TASK ITEM: Your output should be the exact lines from the start of the data through the line containing "Copper bell, hand", with no pictures.

[Start of section]

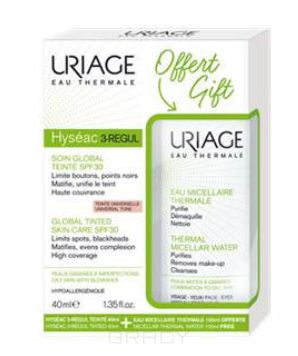 Uriage Набор Hyseac 3-Regul Универсальный тональный уход 40 мл + Очищающая мицеллярная вода для жирной кожи, 100 мл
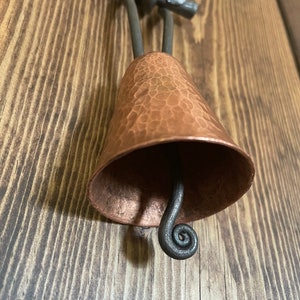 Copper bell, hand forged, small dinner bell, hammered copper with textured iron hanger and spiral clapper.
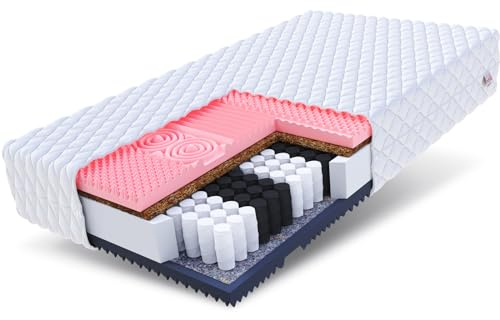 FDM GINASO Memory Foam Taschenfederkernmatratze 90 x 200 cm Atmungsaktive 7-Zonen Matratze Kokos Allergiker 22 cm Höhe H3/H4 Mittelhart/Hart (60-120 kg) - Bezug Waschbar
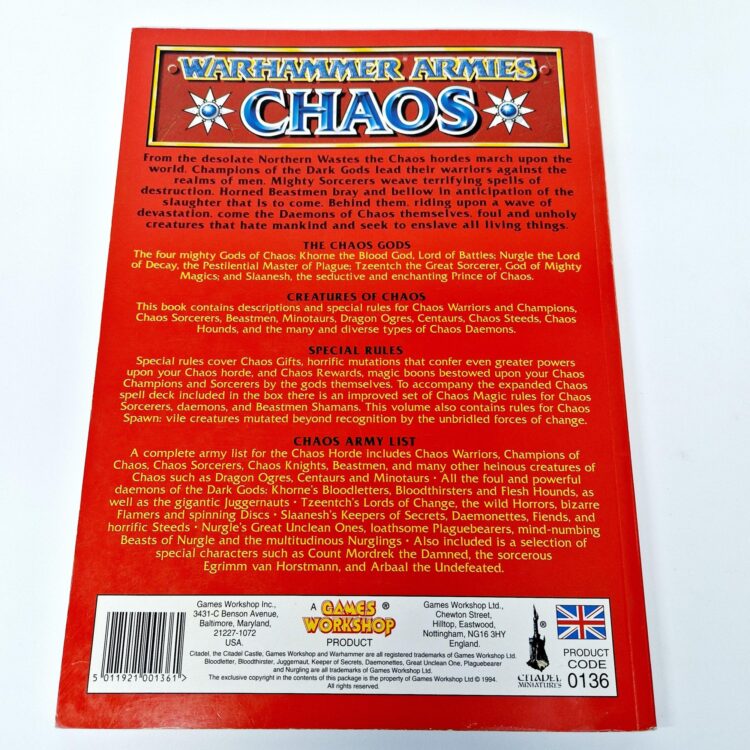 A photo of a Warhammer Chaos 4th Edition Army Book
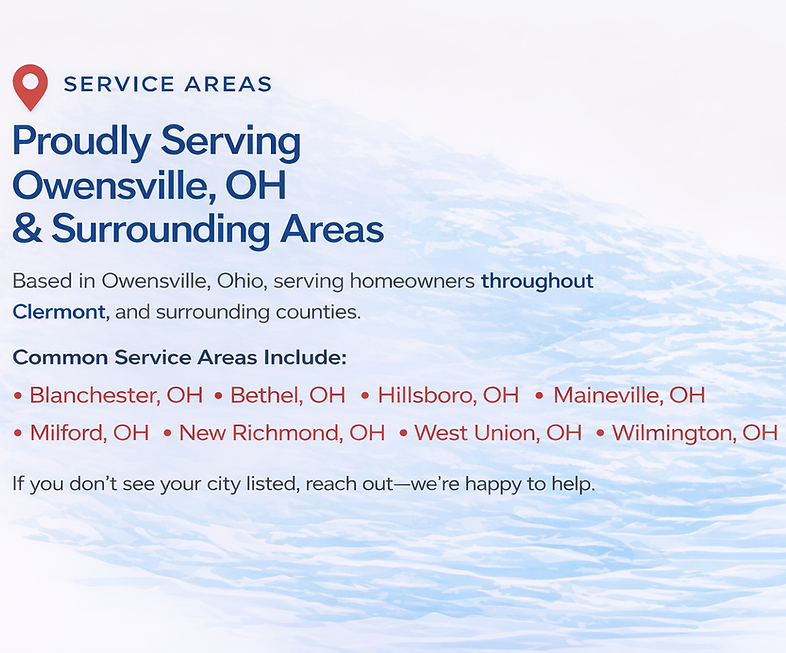 Service areas for Owensville, OH and Surrounding Counties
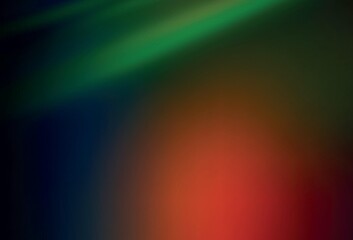 Dark Green, Red vector blurred shine abstract background.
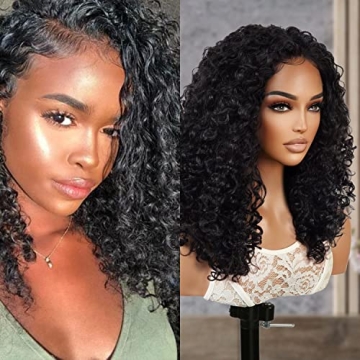 GLAM21USA STUDIOCUT BY PROS Medium Curly Bob Deep Wave T Part Swiss Lace Front with Deep part wig mi...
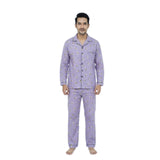 Lite Purple Winter Cotton Bee Printed PJ Set for Men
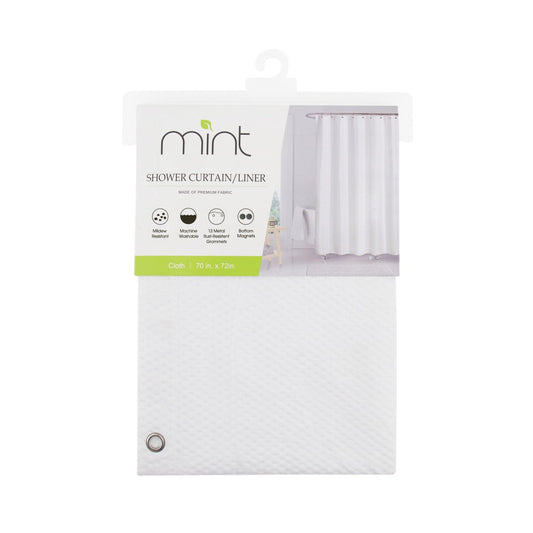 Shower Curtain Fabric Soft Embossed Microfiber White 70x72"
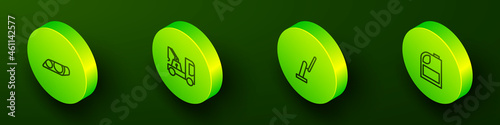 Set Isometric line Car headlight, Tow truck, Windscreen wiper and Canister for motor machine oil icon. Vector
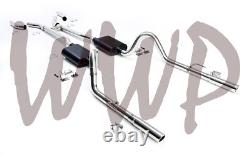 Stainless Steel Dual 2.5 Header Back Exhaust System For 67-70 Ford Mustang V8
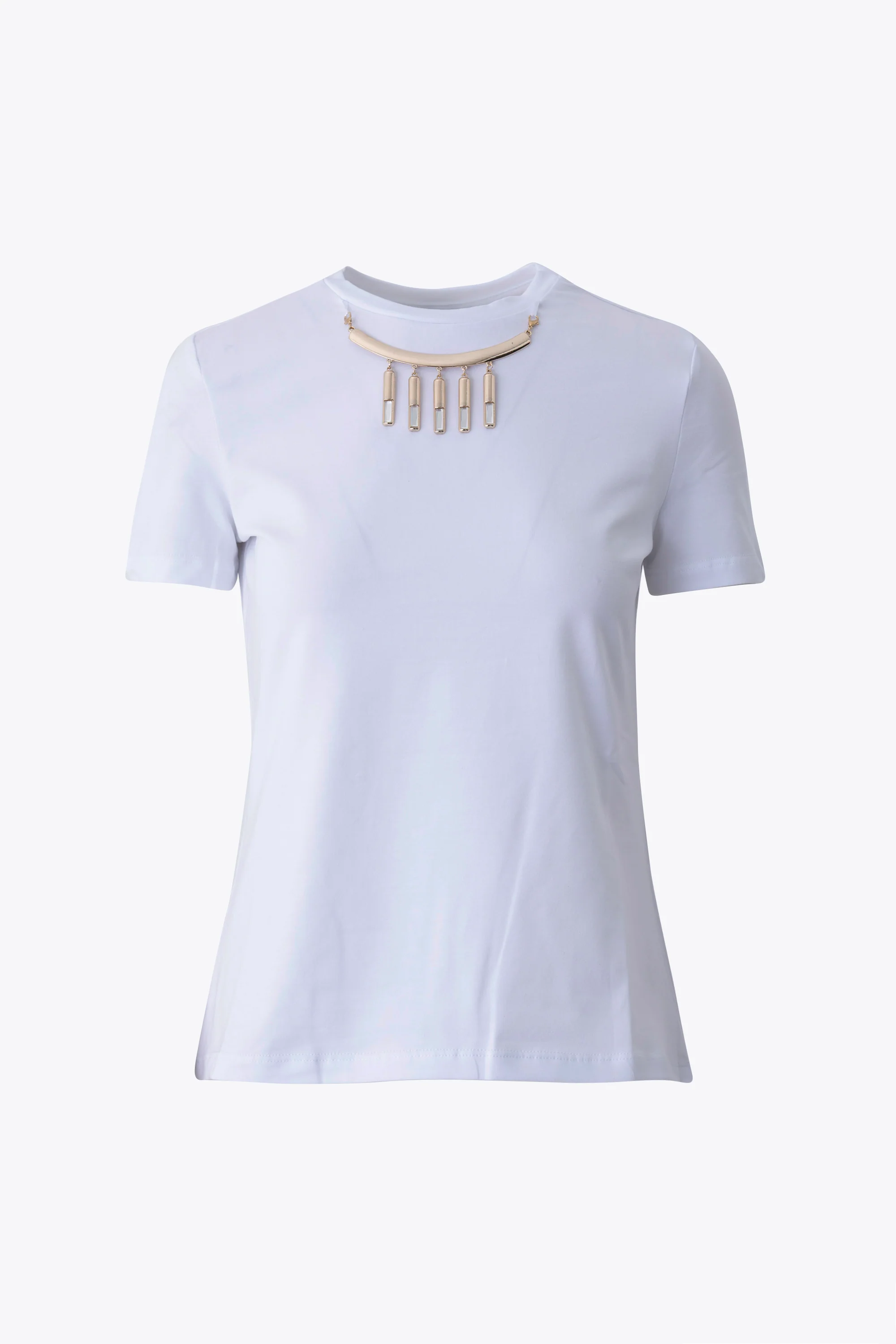 T-shirt in cotone con collana gioiello removibile - PE26 - Image 7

[End of section]

RESULT OF THIS TASK:
 Uriage Набор Hyseac 3-Regul Универсальный тональный уход 40 мл + Очищающая мицеллярная вода для жирной кожи, 100 мл
 Copper bell, hand forged, small dinner bell, hammered copper with textured iron hanger and spiral clapper.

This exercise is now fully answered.